• [PROBLEM DETAILS]
Set down exactly the lines running from the one with "Slippers 1126383-WDF Order" to the last line of the listing below, both included, and skip every picture.

• [STORED DATA]
>>>>>

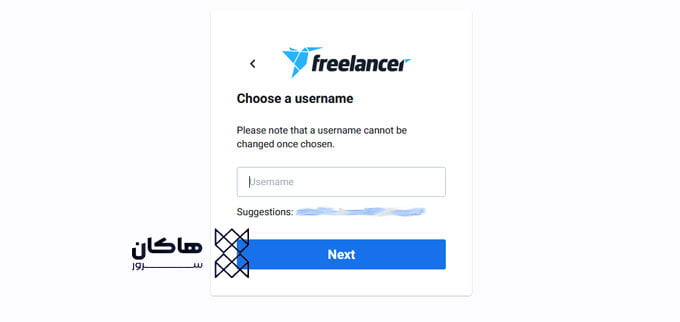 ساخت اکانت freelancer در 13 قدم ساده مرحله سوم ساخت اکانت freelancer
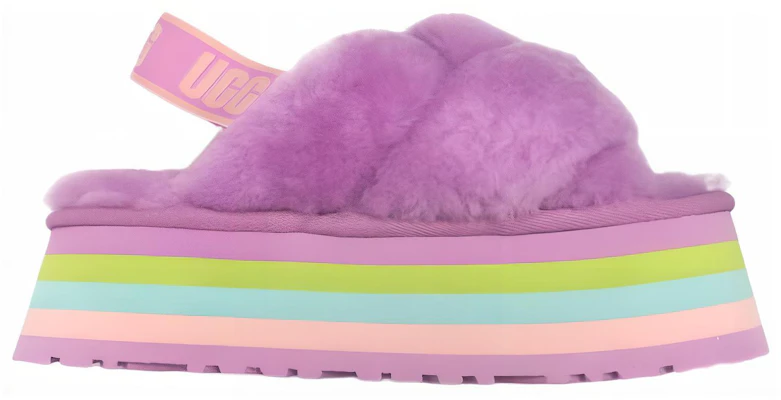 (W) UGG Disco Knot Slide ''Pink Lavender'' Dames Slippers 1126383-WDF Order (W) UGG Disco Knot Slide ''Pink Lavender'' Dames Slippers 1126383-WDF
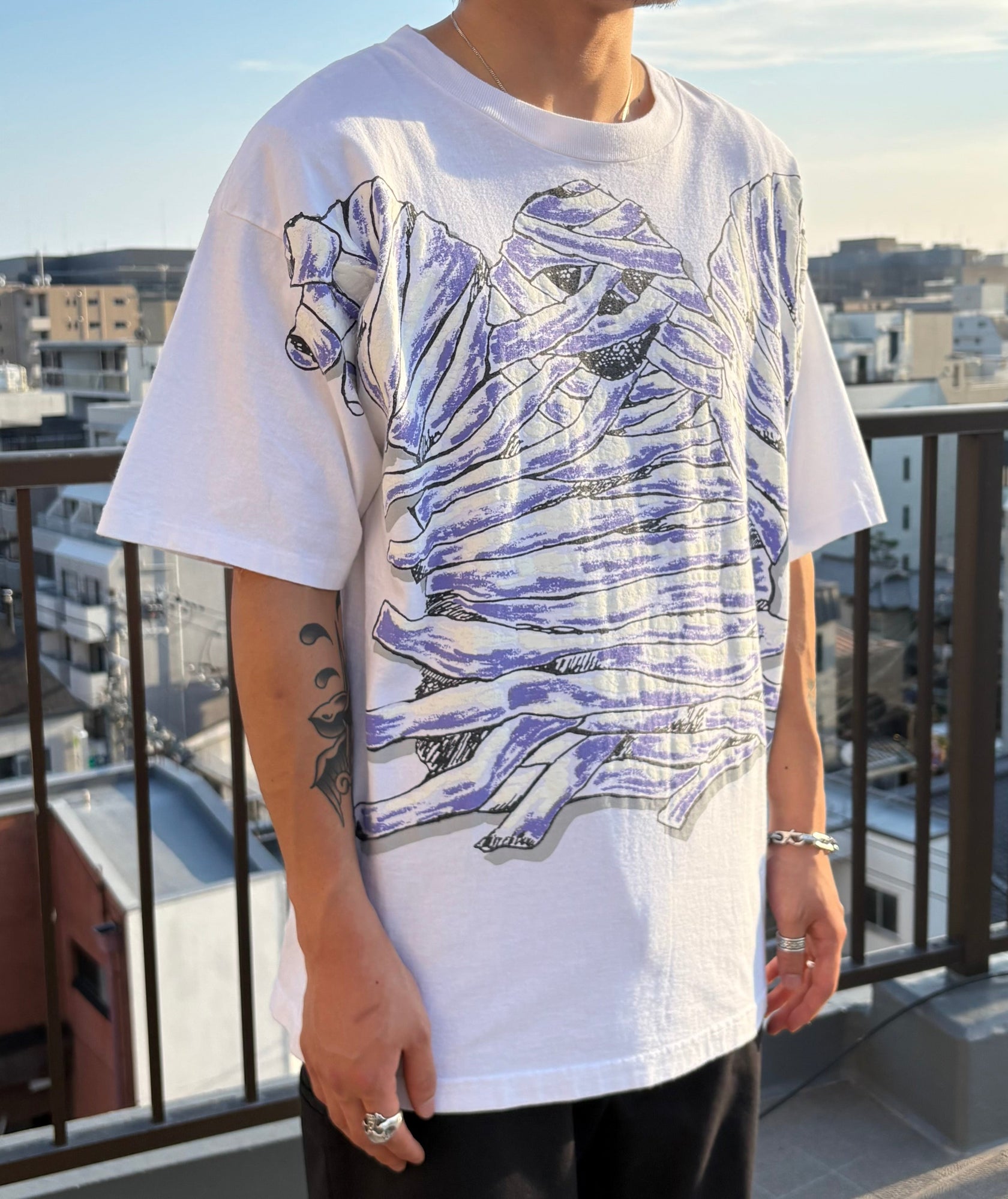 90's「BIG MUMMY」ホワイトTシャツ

<<<<<

• [TASK SOLUTION]
 (W) UGG Disco Knot Slide ''Pink Lavender'' Dames Slippers 1126383-WDF Order (W) UGG Disco Knot Slide ''Pink Lavender'' Dames Slippers 1126383-WDF
 90's「BIG MUMMY」ホワイトTシャツ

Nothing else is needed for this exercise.